- TASK BRIEF: Starting with the line that has "Sơ lược về soi kèo Bundesliga", retype each line down to the end of the entries below, without leaving any out or adding any.

(Beginning of DATASET EXTRACT)

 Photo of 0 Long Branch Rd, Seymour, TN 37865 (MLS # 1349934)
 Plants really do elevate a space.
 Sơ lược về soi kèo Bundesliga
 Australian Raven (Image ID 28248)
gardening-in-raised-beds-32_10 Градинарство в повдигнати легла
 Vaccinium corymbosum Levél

(End of DATASET EXTRACT)

- EXPECTED OUTPUT:
 Sơ lược về soi kèo Bundesliga
 Australian Raven (Image ID 28248)
gardening-in-raised-beds-32_10 Градинарство в повдигнати легла
 Vaccinium corymbosum Levél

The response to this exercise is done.